» Exercise details: Pictures in the listing should not be copied. Reproduce, word for word, each line from the one holding "10 человек на" through the final line.

» Data in this exercise:

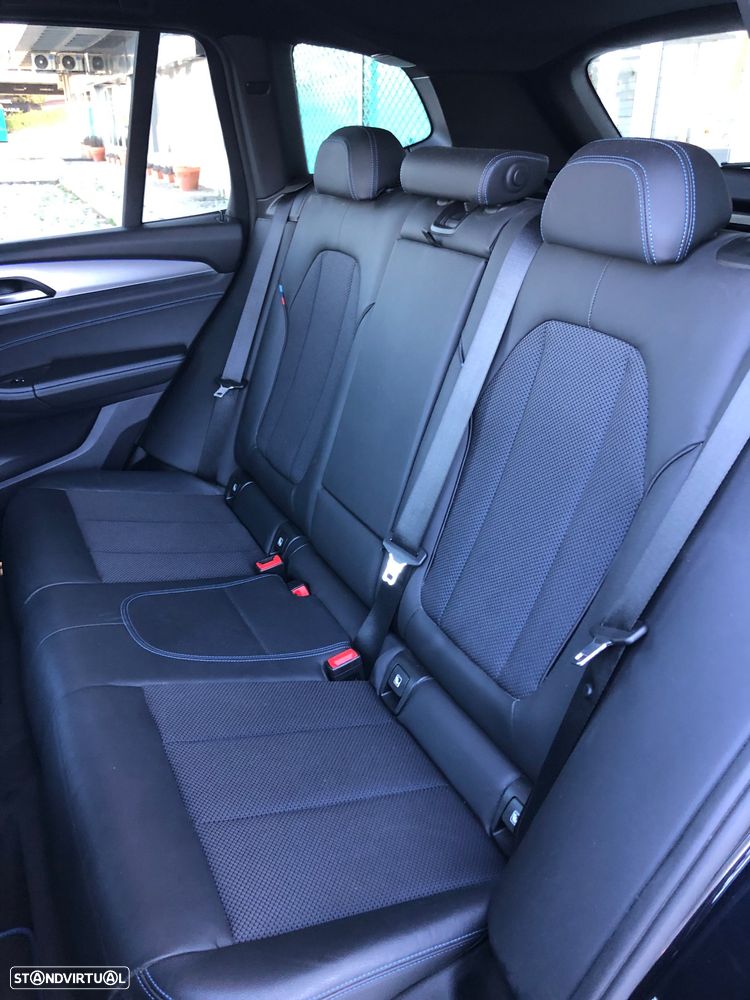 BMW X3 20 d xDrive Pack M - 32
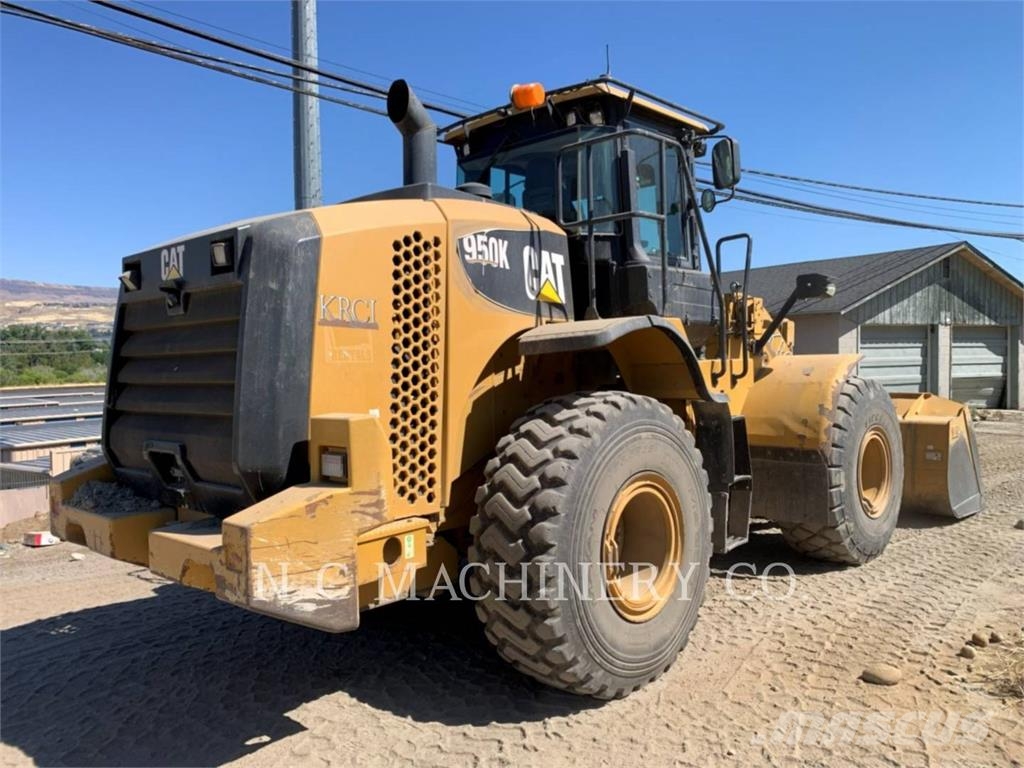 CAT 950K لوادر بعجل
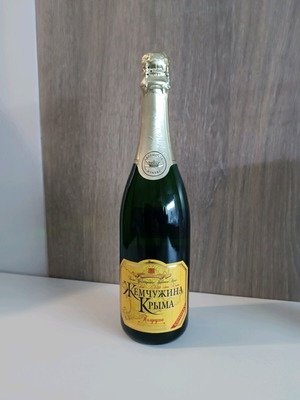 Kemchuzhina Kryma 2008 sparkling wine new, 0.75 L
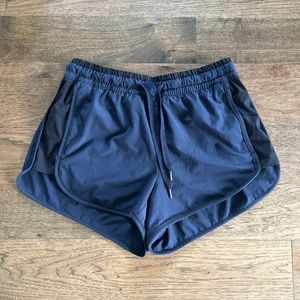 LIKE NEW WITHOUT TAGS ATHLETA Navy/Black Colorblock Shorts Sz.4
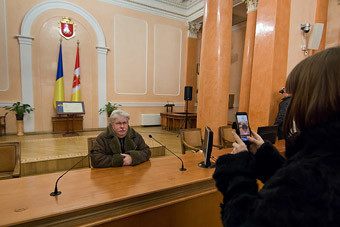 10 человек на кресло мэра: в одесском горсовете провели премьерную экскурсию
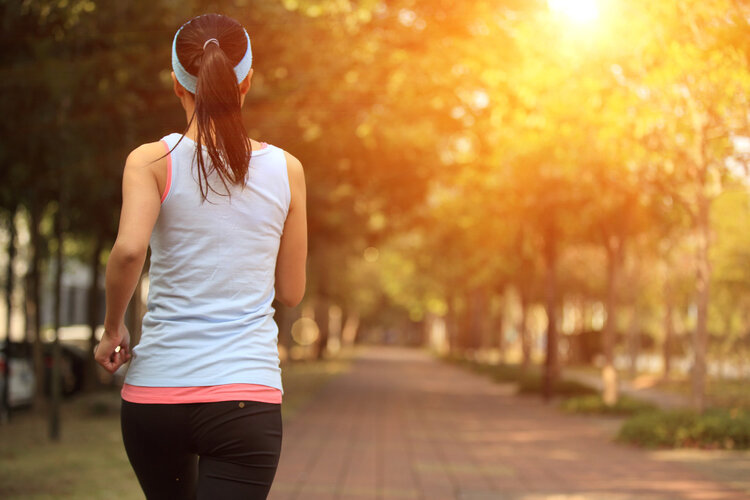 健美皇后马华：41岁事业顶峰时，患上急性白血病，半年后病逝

» Output of the task:
 10 человек на кресло мэра: в одесском горсовете провели премьерную экскурсию
 健美皇后马华：41岁事业顶峰时，患上急性白血病，半年后病逝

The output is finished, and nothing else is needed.